During five years of share price growth, Avient achieved compound earnings per share (EPS) growth of 13% per year. This EPS growth is higher than the 10% average annual increase in the share price. Therefore, it seems the market has become relatively pessimistic about the company.
The image below shows how EPS has tracked over time (if you click on the image you can see greater detail).

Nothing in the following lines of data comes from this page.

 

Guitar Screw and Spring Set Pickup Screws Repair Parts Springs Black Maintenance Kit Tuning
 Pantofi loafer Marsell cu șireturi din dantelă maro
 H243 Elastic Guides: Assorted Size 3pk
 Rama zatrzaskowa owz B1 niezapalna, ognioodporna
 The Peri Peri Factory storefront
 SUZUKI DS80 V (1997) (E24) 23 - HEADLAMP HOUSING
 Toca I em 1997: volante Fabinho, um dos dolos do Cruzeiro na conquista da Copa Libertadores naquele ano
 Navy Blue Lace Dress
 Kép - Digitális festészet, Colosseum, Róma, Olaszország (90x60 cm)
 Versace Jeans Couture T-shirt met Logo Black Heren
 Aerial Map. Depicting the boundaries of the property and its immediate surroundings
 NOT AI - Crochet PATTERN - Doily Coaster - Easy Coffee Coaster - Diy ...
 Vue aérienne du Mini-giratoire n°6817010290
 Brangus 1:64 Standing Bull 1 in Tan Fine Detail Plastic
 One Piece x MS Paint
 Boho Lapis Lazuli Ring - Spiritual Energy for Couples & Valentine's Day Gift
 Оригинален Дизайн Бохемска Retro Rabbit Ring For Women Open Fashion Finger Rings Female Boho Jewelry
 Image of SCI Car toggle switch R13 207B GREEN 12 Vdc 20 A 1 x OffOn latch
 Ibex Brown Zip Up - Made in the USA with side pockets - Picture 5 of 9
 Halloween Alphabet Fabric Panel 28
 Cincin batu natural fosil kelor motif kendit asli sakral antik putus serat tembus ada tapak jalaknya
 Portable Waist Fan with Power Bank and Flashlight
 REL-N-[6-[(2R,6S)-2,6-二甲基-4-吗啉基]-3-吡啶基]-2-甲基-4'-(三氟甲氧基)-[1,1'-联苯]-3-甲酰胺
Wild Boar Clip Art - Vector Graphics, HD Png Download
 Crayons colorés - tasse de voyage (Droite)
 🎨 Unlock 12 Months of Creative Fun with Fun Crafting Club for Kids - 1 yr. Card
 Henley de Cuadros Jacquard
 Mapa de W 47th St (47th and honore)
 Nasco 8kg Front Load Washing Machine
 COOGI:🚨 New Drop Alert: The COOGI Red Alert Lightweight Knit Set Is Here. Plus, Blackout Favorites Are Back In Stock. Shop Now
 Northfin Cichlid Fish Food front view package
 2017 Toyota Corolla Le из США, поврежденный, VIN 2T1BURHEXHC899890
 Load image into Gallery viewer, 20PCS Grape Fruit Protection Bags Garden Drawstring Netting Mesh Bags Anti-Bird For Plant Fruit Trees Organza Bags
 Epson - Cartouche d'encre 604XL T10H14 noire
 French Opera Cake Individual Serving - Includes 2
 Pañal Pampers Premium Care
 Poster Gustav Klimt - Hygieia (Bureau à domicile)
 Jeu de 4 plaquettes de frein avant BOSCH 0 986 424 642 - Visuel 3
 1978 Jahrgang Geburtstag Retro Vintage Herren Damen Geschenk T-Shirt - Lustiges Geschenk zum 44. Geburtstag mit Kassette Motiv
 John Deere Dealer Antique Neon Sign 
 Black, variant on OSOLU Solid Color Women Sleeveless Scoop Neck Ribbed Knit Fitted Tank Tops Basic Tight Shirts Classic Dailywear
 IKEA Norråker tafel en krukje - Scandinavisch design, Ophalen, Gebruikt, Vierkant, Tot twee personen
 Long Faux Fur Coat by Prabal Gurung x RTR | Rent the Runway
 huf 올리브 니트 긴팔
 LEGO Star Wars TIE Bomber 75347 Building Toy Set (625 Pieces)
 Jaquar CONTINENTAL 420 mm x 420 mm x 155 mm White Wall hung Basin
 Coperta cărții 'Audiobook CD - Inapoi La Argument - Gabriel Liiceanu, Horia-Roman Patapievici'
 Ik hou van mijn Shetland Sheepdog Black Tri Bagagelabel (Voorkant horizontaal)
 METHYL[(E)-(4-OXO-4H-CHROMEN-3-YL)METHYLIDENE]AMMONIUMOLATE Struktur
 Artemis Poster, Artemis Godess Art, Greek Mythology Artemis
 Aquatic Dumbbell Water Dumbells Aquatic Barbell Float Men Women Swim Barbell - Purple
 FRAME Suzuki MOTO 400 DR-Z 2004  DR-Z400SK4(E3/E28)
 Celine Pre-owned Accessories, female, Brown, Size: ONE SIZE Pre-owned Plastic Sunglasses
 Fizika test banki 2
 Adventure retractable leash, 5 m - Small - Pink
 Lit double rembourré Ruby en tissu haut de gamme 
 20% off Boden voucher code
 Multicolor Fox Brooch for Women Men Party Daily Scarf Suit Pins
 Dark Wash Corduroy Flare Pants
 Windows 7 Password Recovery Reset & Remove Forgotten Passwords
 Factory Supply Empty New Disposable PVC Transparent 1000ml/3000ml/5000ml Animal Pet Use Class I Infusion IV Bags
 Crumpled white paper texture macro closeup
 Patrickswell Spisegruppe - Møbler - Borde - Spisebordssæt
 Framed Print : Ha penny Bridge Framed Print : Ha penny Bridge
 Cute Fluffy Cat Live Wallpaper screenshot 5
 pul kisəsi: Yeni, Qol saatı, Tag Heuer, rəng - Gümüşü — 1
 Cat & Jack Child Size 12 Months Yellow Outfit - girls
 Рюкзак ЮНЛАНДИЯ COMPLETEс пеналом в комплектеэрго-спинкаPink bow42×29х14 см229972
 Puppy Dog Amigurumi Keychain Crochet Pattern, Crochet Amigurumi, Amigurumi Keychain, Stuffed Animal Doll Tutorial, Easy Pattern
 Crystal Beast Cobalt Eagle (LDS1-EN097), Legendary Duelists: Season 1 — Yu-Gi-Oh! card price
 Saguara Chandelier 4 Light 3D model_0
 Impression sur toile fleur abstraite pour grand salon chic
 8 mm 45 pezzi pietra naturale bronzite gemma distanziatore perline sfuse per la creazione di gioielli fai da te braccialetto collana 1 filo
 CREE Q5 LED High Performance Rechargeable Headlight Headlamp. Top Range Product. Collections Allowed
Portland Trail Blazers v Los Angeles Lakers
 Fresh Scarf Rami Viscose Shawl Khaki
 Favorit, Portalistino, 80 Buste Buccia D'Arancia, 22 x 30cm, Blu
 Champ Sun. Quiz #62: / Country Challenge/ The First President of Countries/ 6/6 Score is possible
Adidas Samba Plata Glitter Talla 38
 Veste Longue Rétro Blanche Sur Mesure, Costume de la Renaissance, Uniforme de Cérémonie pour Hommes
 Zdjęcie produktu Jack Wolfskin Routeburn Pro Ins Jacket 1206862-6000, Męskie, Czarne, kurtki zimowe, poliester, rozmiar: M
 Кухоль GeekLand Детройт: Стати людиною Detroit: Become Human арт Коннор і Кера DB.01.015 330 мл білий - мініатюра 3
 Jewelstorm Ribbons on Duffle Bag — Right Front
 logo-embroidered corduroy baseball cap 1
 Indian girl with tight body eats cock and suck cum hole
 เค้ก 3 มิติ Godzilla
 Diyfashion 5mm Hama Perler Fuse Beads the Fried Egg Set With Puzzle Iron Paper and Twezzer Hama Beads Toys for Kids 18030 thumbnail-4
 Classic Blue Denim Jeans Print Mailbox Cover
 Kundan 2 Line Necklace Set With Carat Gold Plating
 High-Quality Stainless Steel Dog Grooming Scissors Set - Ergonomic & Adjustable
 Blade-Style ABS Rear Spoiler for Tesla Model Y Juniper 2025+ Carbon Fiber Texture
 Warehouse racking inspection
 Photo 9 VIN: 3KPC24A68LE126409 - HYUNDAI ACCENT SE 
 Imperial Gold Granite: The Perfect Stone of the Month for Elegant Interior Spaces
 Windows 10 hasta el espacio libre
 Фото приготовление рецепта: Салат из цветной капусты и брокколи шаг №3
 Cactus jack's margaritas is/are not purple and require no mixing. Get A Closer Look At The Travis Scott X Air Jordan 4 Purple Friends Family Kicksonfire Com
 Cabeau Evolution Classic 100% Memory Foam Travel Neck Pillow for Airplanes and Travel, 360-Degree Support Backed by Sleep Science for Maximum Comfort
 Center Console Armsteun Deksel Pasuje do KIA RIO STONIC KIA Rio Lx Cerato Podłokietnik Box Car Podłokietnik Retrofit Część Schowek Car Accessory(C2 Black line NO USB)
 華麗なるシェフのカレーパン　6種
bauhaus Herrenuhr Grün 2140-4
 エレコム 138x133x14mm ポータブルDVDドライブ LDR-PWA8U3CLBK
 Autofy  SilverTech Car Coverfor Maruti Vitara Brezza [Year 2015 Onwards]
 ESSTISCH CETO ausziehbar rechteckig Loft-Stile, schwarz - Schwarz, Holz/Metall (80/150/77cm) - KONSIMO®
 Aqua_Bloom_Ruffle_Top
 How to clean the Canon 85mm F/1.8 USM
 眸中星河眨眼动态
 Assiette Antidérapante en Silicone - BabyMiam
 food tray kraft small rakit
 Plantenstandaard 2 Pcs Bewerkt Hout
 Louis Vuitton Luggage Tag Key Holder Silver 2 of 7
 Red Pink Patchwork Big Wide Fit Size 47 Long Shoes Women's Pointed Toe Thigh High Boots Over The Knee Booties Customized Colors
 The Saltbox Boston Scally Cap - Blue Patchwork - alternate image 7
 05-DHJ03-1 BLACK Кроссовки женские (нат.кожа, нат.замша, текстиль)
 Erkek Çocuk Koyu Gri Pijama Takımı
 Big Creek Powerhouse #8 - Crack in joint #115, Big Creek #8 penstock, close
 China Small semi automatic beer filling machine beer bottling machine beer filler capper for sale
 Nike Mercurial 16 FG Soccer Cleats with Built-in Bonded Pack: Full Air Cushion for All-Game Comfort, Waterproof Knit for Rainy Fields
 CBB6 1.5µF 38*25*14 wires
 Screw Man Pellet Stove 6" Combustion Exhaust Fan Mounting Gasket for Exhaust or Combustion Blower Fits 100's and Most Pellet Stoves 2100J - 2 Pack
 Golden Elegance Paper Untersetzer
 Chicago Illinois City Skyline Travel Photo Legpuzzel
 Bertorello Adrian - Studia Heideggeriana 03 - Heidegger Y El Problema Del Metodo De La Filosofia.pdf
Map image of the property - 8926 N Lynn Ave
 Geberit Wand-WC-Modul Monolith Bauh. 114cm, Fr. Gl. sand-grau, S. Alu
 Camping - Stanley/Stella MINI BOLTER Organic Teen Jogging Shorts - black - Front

We know that Avient has improved its bottom line lately, but is it going to grow revenue? This free report showing analyst revenue forecasts should help you figure out if the EPS growth can be sustained.
What About Dividends?
When looking at investment returns, it is important to consider the difference between total shareholder return (TSR) and share price return. Whereas the share price return only reflects the change in the share price, the TSR includes the value of dividends (assuming they were reinvested) and the benefit of any discounted capital raising or spin-off. So for companies that pay a generous dividend, the TSR is often a lot higher than the share price return. We note that for Avient the TSR over the last 5 years was 80%, which is better than the share price return mentioned above. This is largely a result of its dividend payments!
A Different Perspective
It's nice to see that Avient shareholders have received a total shareholder return of 53% over the last year. Of course, that includes the dividend. Since the one-year TSR is better than the five-year TSR (the latter coming in at 13% per year), it would seem that the stock's performance has improved in recent times. Given the share price momentum remains strong, it might be worth taking a closer look at the stock, lest you miss an opportunity. I find it very interesting to look at share price over the long term as a proxy for business performance. But to truly gain insight, we need to consider other information, too. Consider for instance, the ever-present spectre of investment risk. We've identified 2 warning signs with Avient (at least 1 which is concerning) , and understanding them should be part of your investment process.